Member of the National Legislative Assembly for Akobo County
- Incumbent
- Assumed office 20 May 2010

Governor of Akobo State
- In office 19 August 2019 – 22 February 2020
- Preceded by: Johnson Gony Bilieu
- Succeeded by: position dissolved

= Timothy Taban Juch =

South Sudanese politician

Timothy Taban Juch (also spelled Timothy Taban Juc) is a South Sudanese politician and a member of parliament (MP) for Akobo County in Jonglei State. Taban was the governor of Akobo State in South Sudan from 2019 until its dissolution in 2020.

== Military career ==
A Lou Nuer, Taban was a commander in the majority-Nuer South Sudan Liberation Movement (SSLM) during the Second Sudanese Civil War. Taban's forces were based in the Akobo area and fought with the Sudan People's Liberation Army for control of the town.

== Political career ==
Taban was the Jonglei State minister for information and communication before the independence of South Sudan. Taban ran as an independent in the 2010 Southern Sudanese general election, beating SPLM candidate John Luk Jok to become the member of parliament (MP) for Akobo South.
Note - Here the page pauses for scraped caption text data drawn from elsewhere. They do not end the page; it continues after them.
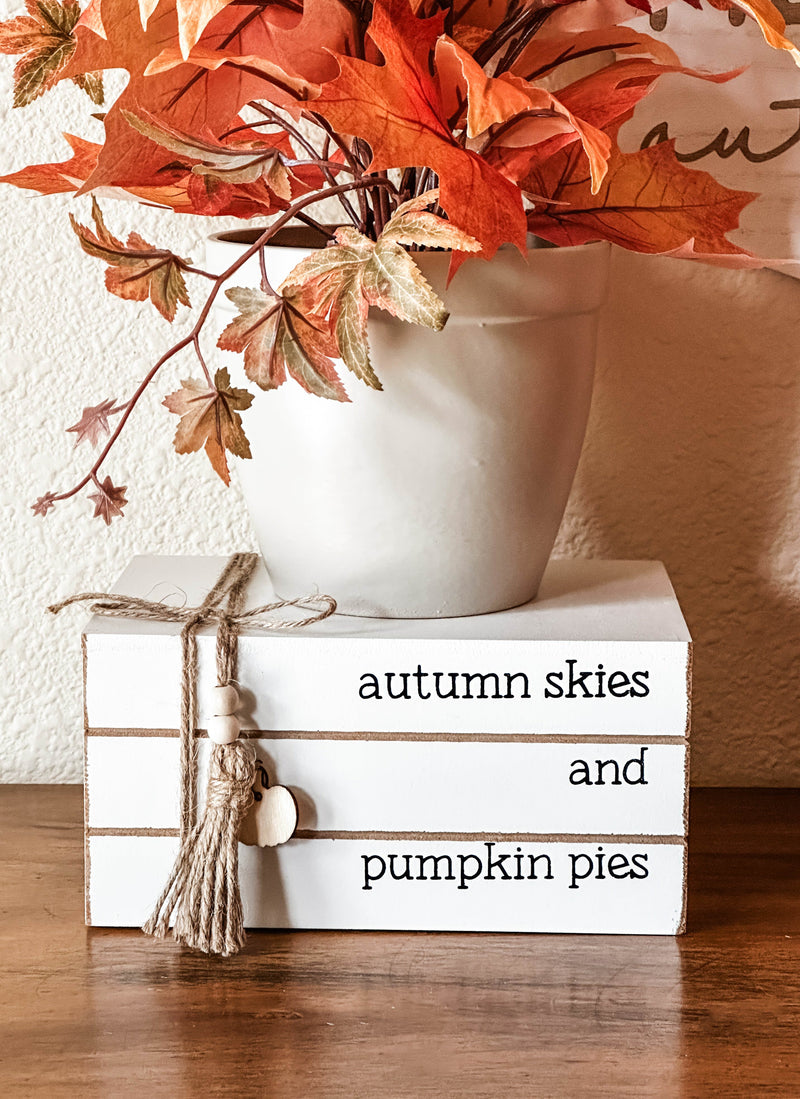 Autumn skies and pumpkin pies stacked books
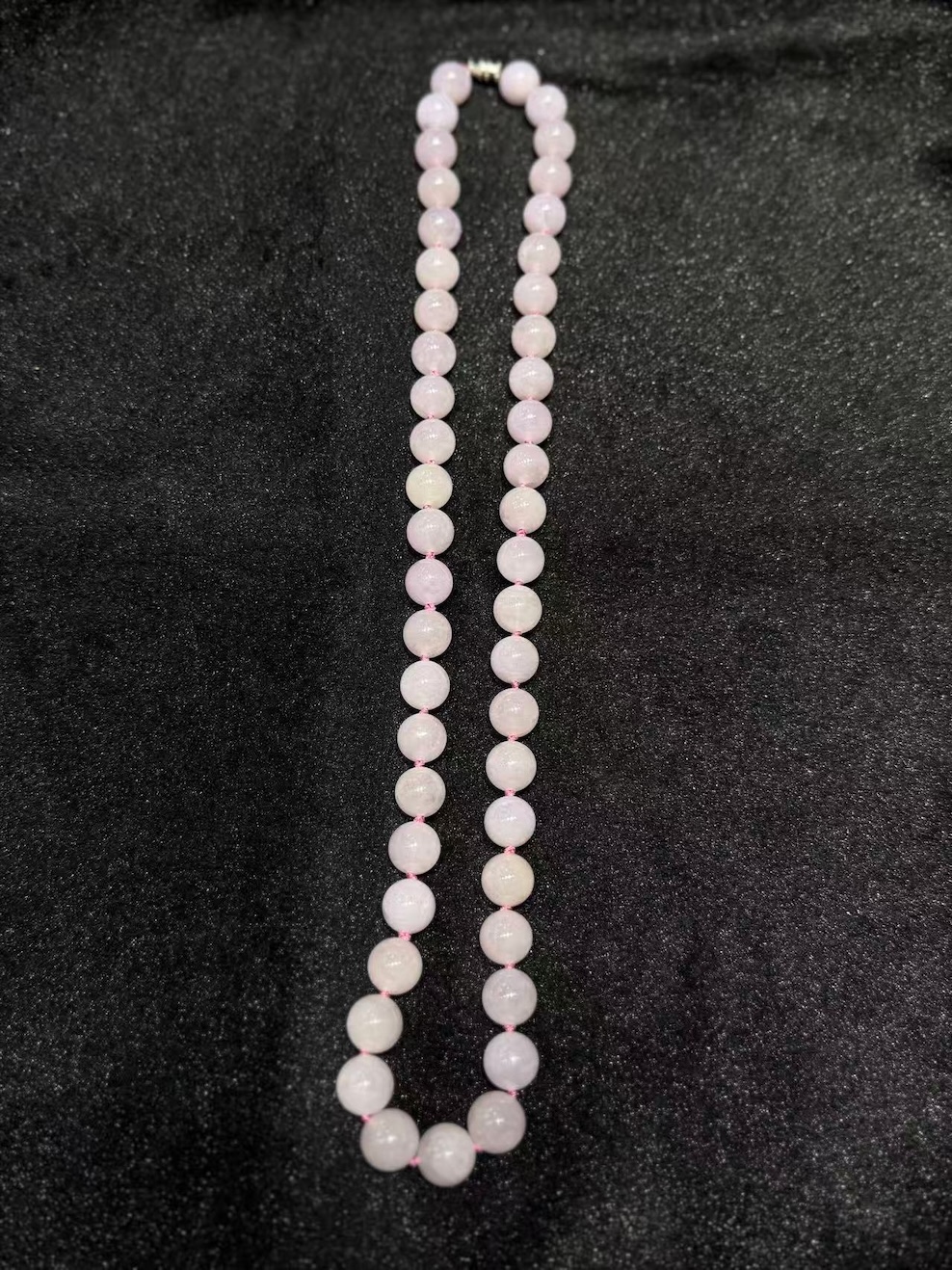 Lavender jade necklace strung with round translucent faint pink-lavender jadeite beads, shown on a black necklace display bust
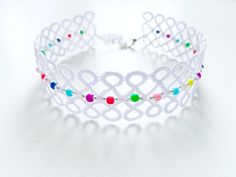 a white tiara with multicolored beads on the front and sides, sitting on a white surface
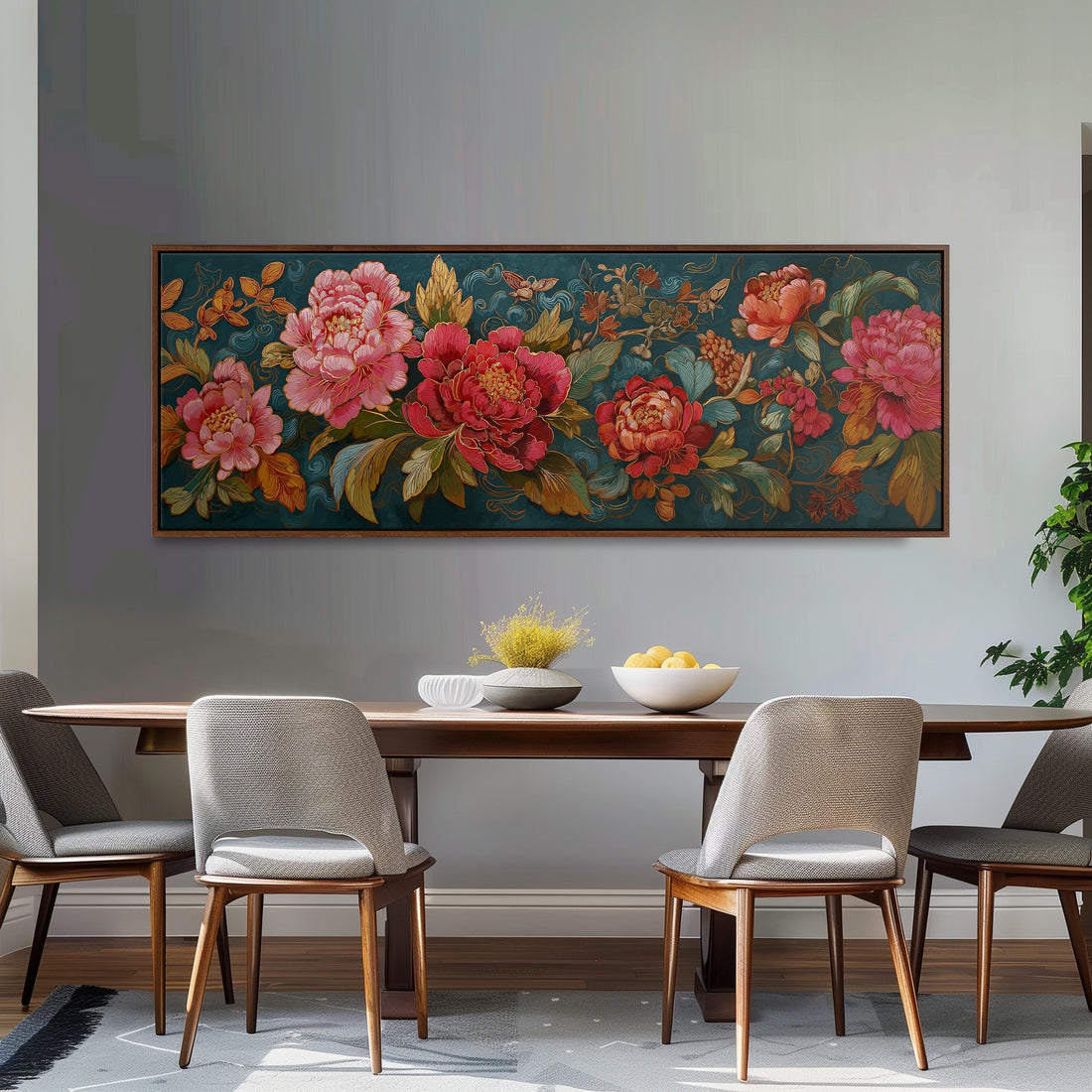 a dining room with a large floral painting hanging on the wall above a wooden dining table with four chairs. The table is set with a bowl of fruit and a vase of flowers, creating a welcoming and elegant atmosphere.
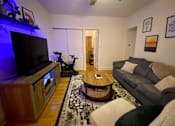 Thumbnail 11 of 25 - A living room with a grey couch and a wooden coffee table.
While serving as an MP, he was appointed the commissioner of Akobo County in 2014. Taban then became the deputy governor of Eastern Bieh State, and was appointed governor of Akobo State on August 19, 2019 after the death of Johnson Gony Bilieu on July 4, 2019. Taban appointed his cabinet on September 25, 2019. During his time as governor, severe floods in the state led to food insecurity and caused some residents to flee to Bieh State.